Information:
--

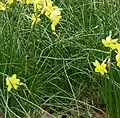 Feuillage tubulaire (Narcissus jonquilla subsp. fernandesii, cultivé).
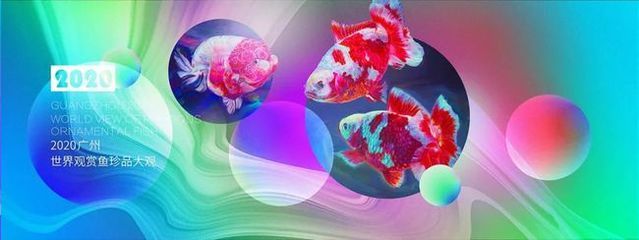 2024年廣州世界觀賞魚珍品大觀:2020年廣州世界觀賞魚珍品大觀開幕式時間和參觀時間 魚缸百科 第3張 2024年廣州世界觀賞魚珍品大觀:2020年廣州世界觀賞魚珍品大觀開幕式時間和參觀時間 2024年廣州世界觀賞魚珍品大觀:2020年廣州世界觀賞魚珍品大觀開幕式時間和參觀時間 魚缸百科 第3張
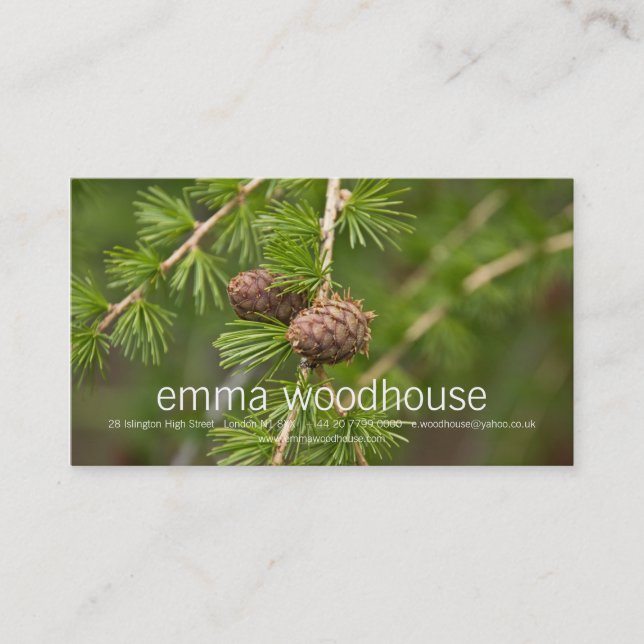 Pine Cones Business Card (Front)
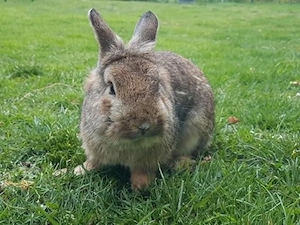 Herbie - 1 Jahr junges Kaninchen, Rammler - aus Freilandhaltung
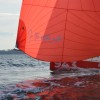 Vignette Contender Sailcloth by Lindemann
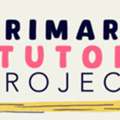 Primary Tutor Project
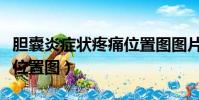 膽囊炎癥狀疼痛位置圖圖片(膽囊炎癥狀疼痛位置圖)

--

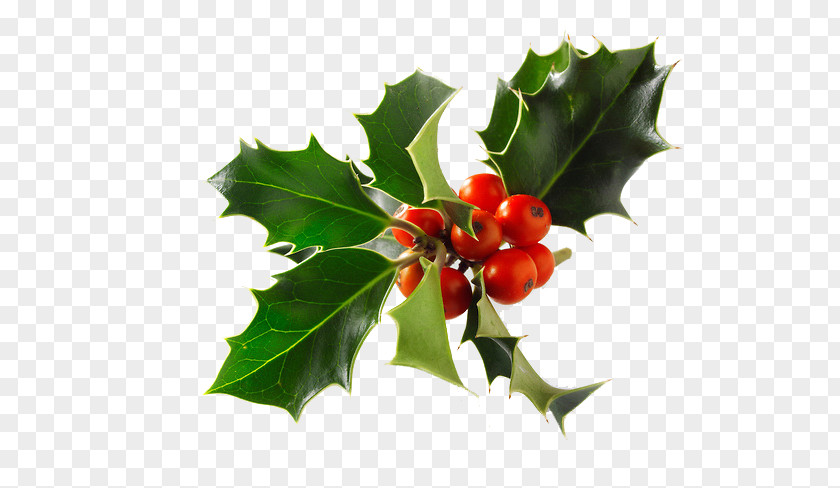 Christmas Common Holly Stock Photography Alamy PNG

--

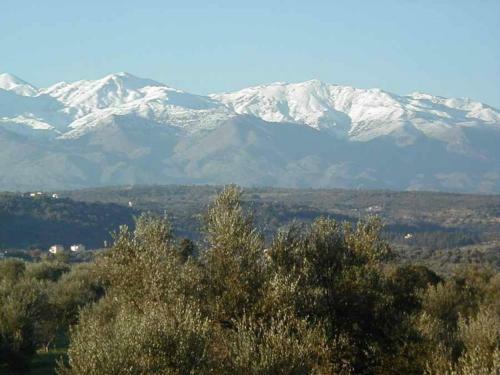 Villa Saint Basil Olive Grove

--

Instructions to follow:
For this exercise, return exactly the lines above from the line with "Herbie - 1 Jahr" through the line with "膽囊炎癥狀疼痛位置圖圖片(膽囊炎癥狀疼痛位置圖)", both included. Do not copy the pictures.

Response area:
 Herbie - 1 Jahr junges Kaninchen, Rammler - aus Freilandhaltung
 Vignette Contender Sailcloth by Lindemann
 Primary Tutor Project
 膽囊炎癥狀疼痛位置圖圖片(膽囊炎癥狀疼痛位置圖)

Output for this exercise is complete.